Le collectif ouvrier s’est dit indigné face aux « accusations gratuites lancées à l’encontre d’une catégorie entière de travailleurs qui reste pourtant mobilisée en première ligne, à cette heure, avec les unités de la protection civile pour combattre le feu, en dépit des conditions de travail éprouvantes ».
Revenant sur le contenu jugé ambigu d’une conférence de presse conjointe de représentants du gouvernement, de l’armée et de la Garde nationale, le collectif s’estime victime d’un « scénario bien ficelé visant à permettre à l’Etat de se défaire de son devoir constitutionnel de régulariser définitivement la situation précaire de cette catégorie marginalisée ».
Le porte-parole de la Direction générale de la Garde nationale, Khalifa Chibani, avait affirmé que quatre individus en rapport avec ces incendies ont été placés en garde à vue à Jendouba et deux autres à Bizerte. Il s’agit, a-t-il indiqué, d’ouvriers de chantiers temporaires recrutés puis abandonnés, selon les investigations préliminaires. « Ils auraient déclenché les incendies dans l’espoir d’être engagés dans les interventions des forces de sécurité pour contenir les flammes », avait-il déclaré.
Trouver à tout prix un responsable
Plus tempéré, un représentant du parquet avait quant à lui expliqué qu’il se peut que des individus isolés aient pu profiter de l’ampleur des incendies afin de provoquer des feux secondaires en vue d’en tirer du charbon, un scénario néanmoins plus connu dans les montagnes algériennes voisines.
Versant davantage dans le conspirationnisme à connotation politique voire idéologique, d’autres encore à l’image du chroniqueur Lotfi Laamari imputent ces incendies aux gardes forestiers, un corps de métier qui avait selon lui subi une purge suivi d’un vaste remplacement par des éléments « non patriotes » du temps de la troïka dès 2011. Une thèse aux relents nationalistes et anti islamistes de la terre brûlée qui, bien que infondée, trouve un écho auprès de larges pans de la société.
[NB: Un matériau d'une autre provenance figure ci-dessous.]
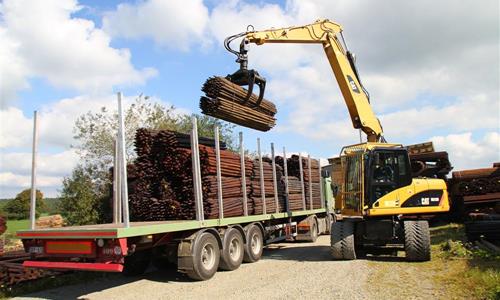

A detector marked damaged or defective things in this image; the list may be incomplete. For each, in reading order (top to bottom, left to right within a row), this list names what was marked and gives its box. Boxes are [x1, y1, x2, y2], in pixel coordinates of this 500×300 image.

rusty metal bundle [199, 77, 278, 131]
stack of rusty steel bar [200, 77, 278, 131]
stack of rusty steel bar [288, 156, 322, 210]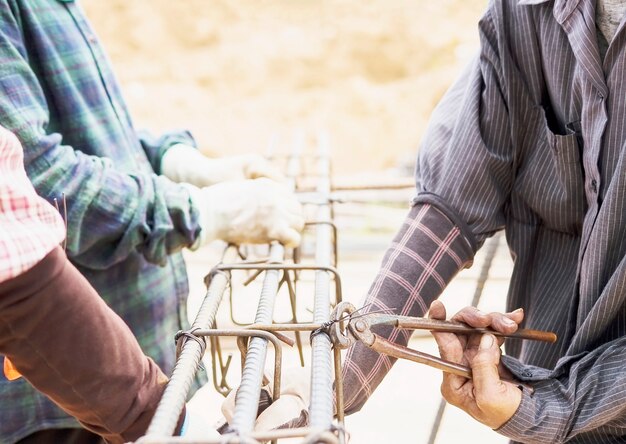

Au moment où grâce au déploiement de 500 soldats, le plus grand incendie de la région nord, à Sejnane, était enfin maîtrisé en ce mardi 8 août, l’heure est donc aux comptes, quand bien même la température caniculaire (40 degrés à Tunis aujourd’hui) suffit en théorie à expliquer la majeure partie d’incendies certes plus importants en taille et en nombre cette année.